DATA TO EXAMINE –
-------

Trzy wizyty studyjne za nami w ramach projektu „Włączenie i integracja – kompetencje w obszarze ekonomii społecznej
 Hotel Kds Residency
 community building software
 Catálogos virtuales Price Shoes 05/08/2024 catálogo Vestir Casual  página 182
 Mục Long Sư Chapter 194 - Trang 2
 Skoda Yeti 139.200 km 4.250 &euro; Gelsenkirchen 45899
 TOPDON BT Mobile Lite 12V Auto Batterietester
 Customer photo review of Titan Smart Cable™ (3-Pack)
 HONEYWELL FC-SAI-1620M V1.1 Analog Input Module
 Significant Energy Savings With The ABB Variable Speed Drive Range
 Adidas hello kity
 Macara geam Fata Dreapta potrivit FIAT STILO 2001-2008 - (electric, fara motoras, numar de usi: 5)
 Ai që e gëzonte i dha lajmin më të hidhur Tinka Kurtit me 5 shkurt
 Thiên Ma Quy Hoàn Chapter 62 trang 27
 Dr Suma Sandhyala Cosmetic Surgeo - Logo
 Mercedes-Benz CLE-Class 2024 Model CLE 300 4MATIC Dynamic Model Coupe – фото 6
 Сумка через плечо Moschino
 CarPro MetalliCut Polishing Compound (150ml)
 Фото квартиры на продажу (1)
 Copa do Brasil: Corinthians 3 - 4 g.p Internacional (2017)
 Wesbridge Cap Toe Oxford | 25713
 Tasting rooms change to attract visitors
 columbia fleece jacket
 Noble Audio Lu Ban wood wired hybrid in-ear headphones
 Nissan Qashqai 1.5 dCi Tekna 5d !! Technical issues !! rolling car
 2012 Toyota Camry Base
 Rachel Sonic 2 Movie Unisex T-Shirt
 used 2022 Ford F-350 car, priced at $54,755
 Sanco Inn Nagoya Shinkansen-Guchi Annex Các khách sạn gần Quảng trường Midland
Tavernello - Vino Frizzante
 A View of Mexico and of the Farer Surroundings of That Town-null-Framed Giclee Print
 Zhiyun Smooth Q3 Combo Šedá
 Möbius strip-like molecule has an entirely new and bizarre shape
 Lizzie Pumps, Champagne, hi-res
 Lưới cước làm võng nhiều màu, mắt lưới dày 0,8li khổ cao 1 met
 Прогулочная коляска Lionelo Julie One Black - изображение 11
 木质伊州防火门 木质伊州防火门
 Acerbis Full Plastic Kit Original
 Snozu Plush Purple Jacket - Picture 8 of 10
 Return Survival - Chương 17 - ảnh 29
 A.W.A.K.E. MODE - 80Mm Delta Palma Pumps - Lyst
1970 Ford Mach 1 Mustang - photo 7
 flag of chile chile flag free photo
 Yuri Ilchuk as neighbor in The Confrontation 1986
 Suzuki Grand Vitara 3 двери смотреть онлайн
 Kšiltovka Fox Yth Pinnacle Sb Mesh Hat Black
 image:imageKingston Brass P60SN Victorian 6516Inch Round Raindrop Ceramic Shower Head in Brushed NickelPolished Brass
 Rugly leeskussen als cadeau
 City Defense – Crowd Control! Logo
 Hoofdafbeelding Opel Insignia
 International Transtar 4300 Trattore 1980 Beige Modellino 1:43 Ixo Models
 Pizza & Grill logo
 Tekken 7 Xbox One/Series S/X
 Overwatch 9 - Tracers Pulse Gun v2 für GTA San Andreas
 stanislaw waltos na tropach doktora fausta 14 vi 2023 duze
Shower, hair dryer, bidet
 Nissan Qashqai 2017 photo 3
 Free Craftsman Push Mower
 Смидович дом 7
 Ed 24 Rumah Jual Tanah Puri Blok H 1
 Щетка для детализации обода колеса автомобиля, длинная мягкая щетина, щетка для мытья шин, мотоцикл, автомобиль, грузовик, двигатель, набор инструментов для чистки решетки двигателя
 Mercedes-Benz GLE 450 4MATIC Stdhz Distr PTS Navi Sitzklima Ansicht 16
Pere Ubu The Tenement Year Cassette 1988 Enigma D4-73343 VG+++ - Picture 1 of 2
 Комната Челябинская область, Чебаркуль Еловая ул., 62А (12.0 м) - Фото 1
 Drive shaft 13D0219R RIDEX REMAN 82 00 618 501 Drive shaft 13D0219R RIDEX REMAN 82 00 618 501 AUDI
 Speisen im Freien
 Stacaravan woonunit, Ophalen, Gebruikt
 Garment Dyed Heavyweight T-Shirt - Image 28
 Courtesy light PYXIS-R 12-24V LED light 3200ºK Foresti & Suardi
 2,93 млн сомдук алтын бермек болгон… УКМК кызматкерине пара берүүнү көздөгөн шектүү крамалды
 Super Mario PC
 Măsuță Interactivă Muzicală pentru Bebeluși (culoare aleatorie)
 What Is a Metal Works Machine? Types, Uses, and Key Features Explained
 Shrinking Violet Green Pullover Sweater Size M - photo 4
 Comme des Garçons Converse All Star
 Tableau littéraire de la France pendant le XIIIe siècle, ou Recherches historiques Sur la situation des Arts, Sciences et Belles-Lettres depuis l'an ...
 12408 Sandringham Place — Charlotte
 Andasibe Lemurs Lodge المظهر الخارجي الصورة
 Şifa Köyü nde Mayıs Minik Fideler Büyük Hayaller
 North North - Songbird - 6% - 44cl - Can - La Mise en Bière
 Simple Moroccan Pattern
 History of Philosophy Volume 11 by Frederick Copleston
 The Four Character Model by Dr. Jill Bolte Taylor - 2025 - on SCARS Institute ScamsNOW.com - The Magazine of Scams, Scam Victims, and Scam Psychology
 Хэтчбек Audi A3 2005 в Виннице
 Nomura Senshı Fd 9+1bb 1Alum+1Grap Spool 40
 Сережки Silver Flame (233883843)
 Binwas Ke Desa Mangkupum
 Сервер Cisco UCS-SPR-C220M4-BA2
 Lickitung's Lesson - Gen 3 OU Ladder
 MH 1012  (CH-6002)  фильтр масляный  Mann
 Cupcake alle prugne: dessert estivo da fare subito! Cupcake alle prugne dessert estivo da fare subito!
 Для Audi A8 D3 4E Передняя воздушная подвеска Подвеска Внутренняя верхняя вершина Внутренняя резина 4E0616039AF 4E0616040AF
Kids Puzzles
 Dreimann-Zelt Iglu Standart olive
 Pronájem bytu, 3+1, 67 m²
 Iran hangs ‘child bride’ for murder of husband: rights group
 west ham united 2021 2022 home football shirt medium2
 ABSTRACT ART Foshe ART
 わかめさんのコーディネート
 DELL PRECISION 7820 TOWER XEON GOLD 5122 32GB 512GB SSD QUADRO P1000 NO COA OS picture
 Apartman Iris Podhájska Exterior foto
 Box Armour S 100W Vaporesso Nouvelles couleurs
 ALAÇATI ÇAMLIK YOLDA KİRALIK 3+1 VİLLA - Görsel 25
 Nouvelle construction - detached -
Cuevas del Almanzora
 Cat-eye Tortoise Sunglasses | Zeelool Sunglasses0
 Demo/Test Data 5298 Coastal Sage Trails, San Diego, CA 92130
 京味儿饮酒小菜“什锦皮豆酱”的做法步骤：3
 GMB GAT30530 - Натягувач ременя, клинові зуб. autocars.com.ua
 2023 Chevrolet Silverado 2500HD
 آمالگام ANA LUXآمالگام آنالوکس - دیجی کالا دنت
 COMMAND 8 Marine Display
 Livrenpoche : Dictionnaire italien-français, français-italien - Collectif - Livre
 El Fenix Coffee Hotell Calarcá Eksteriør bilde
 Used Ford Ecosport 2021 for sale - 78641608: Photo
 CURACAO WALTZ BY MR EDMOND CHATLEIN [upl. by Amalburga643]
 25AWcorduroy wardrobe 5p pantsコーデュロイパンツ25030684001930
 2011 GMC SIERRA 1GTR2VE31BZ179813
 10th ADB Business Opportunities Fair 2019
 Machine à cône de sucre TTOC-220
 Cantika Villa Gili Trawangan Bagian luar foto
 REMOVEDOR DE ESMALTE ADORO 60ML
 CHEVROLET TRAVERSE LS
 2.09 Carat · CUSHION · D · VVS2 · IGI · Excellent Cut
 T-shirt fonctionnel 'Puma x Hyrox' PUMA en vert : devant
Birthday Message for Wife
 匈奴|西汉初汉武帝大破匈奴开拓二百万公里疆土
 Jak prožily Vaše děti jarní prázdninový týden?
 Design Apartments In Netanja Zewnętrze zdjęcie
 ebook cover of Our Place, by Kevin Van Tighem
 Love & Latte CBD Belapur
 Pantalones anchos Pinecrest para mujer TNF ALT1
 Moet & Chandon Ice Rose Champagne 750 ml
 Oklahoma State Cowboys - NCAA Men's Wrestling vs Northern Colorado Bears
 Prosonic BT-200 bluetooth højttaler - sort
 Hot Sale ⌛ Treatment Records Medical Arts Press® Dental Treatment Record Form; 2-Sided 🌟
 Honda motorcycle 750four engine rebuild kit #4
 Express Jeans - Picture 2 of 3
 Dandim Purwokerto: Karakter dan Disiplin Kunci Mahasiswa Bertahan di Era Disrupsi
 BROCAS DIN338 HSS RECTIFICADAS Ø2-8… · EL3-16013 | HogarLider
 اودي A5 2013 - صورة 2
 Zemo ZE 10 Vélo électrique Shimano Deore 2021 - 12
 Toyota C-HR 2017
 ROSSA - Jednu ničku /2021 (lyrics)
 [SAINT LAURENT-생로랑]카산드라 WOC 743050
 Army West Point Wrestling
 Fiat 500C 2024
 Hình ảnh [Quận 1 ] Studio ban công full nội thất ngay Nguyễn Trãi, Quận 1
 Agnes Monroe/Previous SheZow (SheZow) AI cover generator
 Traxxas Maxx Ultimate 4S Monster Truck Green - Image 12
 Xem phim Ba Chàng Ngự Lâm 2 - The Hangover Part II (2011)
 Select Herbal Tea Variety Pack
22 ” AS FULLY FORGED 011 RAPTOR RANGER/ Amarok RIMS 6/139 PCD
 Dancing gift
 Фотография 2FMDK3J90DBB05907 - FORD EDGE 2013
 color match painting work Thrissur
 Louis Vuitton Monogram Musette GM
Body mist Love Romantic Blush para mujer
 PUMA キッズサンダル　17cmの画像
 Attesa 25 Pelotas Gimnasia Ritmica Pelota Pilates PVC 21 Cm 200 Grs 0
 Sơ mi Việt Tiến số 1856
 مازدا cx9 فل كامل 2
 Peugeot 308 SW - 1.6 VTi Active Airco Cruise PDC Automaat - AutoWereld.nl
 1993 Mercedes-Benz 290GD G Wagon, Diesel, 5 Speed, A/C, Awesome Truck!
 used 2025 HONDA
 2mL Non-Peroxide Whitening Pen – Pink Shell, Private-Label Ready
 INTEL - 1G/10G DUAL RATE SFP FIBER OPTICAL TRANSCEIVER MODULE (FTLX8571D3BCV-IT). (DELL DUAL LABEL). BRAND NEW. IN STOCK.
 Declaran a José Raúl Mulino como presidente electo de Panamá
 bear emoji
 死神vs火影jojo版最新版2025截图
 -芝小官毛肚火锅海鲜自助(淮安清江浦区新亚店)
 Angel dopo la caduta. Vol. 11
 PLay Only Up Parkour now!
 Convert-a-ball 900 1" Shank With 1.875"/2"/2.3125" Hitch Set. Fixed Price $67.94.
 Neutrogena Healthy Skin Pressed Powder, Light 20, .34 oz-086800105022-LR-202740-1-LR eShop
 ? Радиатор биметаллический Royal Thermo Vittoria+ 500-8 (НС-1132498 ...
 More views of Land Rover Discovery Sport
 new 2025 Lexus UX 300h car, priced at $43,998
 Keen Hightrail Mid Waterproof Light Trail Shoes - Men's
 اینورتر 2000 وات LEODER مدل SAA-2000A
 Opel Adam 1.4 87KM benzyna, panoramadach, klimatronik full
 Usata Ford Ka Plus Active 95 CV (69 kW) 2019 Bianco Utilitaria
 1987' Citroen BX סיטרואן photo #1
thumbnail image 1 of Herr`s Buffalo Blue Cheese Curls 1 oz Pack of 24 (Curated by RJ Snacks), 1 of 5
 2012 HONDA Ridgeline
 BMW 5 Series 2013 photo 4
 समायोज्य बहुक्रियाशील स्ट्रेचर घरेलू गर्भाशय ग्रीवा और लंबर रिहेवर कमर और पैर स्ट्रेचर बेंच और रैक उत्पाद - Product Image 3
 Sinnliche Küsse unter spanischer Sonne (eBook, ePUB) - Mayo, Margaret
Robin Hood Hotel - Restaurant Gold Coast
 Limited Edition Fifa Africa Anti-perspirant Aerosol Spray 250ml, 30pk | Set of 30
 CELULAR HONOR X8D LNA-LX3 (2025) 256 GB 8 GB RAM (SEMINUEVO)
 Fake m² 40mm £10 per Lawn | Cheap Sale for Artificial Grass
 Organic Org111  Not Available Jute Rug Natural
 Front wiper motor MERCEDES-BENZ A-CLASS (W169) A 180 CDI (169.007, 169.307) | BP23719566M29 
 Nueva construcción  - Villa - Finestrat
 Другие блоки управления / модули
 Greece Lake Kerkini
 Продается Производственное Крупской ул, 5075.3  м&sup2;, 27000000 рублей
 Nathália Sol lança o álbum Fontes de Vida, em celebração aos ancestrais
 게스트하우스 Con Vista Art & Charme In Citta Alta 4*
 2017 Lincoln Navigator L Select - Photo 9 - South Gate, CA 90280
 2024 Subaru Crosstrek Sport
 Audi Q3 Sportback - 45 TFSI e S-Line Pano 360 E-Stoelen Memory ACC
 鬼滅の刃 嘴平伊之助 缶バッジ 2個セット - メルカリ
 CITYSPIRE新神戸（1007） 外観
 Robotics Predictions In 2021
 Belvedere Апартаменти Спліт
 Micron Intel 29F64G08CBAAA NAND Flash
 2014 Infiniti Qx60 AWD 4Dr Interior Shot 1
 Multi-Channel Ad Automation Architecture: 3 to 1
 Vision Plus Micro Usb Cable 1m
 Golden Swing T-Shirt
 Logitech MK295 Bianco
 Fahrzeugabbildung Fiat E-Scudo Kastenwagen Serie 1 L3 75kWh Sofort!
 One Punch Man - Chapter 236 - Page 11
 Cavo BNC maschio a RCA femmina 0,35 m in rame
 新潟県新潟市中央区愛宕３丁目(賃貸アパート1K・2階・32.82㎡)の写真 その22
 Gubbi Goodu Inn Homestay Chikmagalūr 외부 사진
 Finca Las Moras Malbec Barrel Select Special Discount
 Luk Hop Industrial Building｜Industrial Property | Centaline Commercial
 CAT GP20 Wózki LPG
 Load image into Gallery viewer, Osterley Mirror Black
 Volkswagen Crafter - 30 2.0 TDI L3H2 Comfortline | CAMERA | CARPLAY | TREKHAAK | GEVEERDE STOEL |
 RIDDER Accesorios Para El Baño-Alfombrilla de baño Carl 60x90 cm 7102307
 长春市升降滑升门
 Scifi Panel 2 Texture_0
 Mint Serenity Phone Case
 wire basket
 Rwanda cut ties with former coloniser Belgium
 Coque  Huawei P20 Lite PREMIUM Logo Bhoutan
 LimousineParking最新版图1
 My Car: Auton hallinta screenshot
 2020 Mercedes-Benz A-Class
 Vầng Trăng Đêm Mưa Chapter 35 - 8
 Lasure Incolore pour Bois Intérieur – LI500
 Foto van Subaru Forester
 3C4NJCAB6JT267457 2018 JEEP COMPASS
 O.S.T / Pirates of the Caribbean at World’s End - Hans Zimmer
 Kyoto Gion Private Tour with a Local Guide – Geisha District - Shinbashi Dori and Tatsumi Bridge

-------

ACTION ITEM – Everything from the line containing "GMB GAT30530 - Натягувач" through the line containing "25AWcorduroy wardrobe 5p" in the material above should be retyped exactly, both ends included, and nothing more.

WORKED SOLUTION –
 GMB GAT30530 - Натягувач ременя, клинові зуб. autocars.com.ua
 2023 Chevrolet Silverado 2500HD
 آمالگام ANA LUXآمالگام آنالوکس - دیجی کالا دنت
 COMMAND 8 Marine Display
 Livrenpoche : Dictionnaire italien-français, français-italien - Collectif - Livre
 El Fenix Coffee Hotell Calarcá Eksteriør bilde
 Used Ford Ecosport 2021 for sale - 78641608: Photo
 CURACAO WALTZ BY MR EDMOND CHATLEIN [upl. by Amalburga643]
 25AWcorduroy wardrobe 5p pantsコーデュロイパンツ25030684001930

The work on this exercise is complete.